EX-10.37 42 w10188exv10w37.htm EX-10.37 . exv10w37
 

EXHIBIT 10.37
CONSULTING AGREEMENT
     CONSULTING AGREEMENT (this “Agreement”) dated as of February 23, 2004, between GlobalSecure Holdings Ltd. (the “Company”), a Delaware corporation, and C. Thomas McMillen (‘‘Consultant”).
     WHEREAS, the Company, directly and through subsidiaries; provides goods and services in the homeland security industry;
     WHEREAS, Consultant has been an employee of the Company and has experience in business and particular knowledge of industries which the Company believes will be of value to it; and
     WHEREAS, the Company desires to retain Consultant to render consulting and advisory services to the Company, and to the Company’s clients, on the terms and conditions set forth in this Agreement, and Consultant desires to be retained by the Company on such terms and conditions.
     NOW, THEREFORE, in consideration of the premises, the mutual agreements herein set forth and other good and valuable consideration, the receipt and adequacy of which are hereby acknowledged, the parties agree as follows:
     1. Retention of Consultant; Services to be Performed. The Company hereby retains Consultant to render consulting and advisory services to the Company, including subsidiaries of the Company (collectively, “Affiliated Companies”). Consultant hereby accepts such engagement and agrees to perform such services for the Company upon the terms and conditions set forth in this Agreement. During the Term (as defined in Section 2), Consultant shall devote such time, attention, skill and energy to the business of the Company as may be reasonably required, in the reasonable determination of Consultant, to perform the services required by this Agreement, and shall assume and perform such duties to the best of his ability; provided however, that nothing herein shall interfere with or prohibit Consultant from seeking or obtaining full time employment with any person whatsoever; and further provided that Consultant shall not pursue any business venture of any kind with any of the following companies: Boa Mauer Inc., Cappa Consulting or Ashbritt Inc, or any successor of any of them (the “Targets”), provided, however, that Consultant may through Washington Capital Advisors LLC or its affiliate Washington Capital Associates LLC provide equity or debt financing to business entities and pursue investment banking opportunities to companies other than the Targets.
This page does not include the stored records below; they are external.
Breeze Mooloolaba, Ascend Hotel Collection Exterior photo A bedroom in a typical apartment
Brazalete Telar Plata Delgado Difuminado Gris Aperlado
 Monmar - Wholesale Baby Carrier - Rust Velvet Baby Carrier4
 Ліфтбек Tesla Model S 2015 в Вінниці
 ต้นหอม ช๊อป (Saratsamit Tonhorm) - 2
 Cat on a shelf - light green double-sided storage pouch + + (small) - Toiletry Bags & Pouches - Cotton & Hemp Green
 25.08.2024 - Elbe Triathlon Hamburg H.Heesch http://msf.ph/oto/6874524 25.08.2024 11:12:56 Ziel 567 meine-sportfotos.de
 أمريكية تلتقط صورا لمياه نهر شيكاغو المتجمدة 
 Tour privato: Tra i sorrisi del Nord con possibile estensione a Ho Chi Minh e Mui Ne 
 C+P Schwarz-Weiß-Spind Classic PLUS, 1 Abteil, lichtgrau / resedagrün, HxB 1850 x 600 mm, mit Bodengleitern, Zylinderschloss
Consultant shall report to the President of the Company.
     Consultant shall perform the services hereunder at such locations in the Washington, D.C. area, or as otherwise may be agreed, as are reasonably necessary for Consultant to perform his duties under this Agreement.
     In rendering services hereunder, Consultant shall be acting as an independent contractor and not as an employee or agent of the Company. Nothing contained in this Agreement shall be construed or applied to create a partnership. Consultant shall be responsible for the payment of all federal, state or local taxes payable with respect to all amounts paid to consultant under this Agreement; provided, however, that if the Company is determined to be liable for collection

 


 

and/or remittance of any such taxes, Consultant shall immediately reimburse the Company for all such payments made by the Company.
     2. Term. Unless terminated at an earlier date in accordance with Section 6, this Agreement shall commence as of the date first written above and shall terminate on February 22, 2005 (the “Term”). The Company also will pay for COBRA or its equivalent.
     3. Compensation. As compensation for Consultant’s services hereunder, the Company will pay consultant $90,000 per annum, payable not less frequently than monthly on the last business day of each month for the month then ended.
     4. Expenses. Subject to, in all cases, prior written approval of the President of the Company, Consultant shall be reimbursed for all reasonable and necessary out-of-pocket expenses that Consultant incurs in performing the services hereunder, including, without limitation, reasonable travel expenses incurred by Consultant.
     5. Protection of Trade Secrets, Know-How and/or Other Confidential Information of the Company.
          (a) Except as permitted or directed by the President of the Company, during the Term or at any time thereafter Consultant shall not divulge, furnish or make accessible to anyone or use in any way (other than in the ordinary course of the business of the Company) any confidential or secret knowledge or information of the Company that Consultant has acquired or become acquainted with or will acquire or become acquainted with during the Term or during engagement by the Company or any affiliated companies prior to the Term, whether developed by Consultant or by others, concerning any trade secrets, confidential or secret designs, processes, formulae, products or future products, plans, devices or material (whether or not patented or patentable) directly or indirectly useful in any aspect of the business of the Company, any customer or supplier lists of the Company, any confidential or secret development or research work of the Company, or any other confidential information or secret aspects of the business of the Company. Consultant acknowledges that the above-described knowledge of information constitutes a unique and valuable asset of the Company acquired at great time and expense by the Company and its predecessors, and that any disclosure or other use of such knowledge or information other than for the sole benefit of the Company would be wrongful and would cause irreparable harm to the Company. Both during and after the Term, Consultant will refrain from any acts or omissions that would reduce the value of such knowledge or information to the Company. The foregoing obligations of confidentiality, however, shall not apply to any knowledge or information which is now published or which subsequently becomes generally publicly known in the form in which it was obtained from the Company, other than as a direct or indirect result of the breach of this Agreement by Consultant.
          (b) All know-how and trade secret information conceived or originated by Consultant which arises out of the performance of the services hereunder or any related material or information shall be the property of the Company, and all rights therein are hereby assigned to the Company.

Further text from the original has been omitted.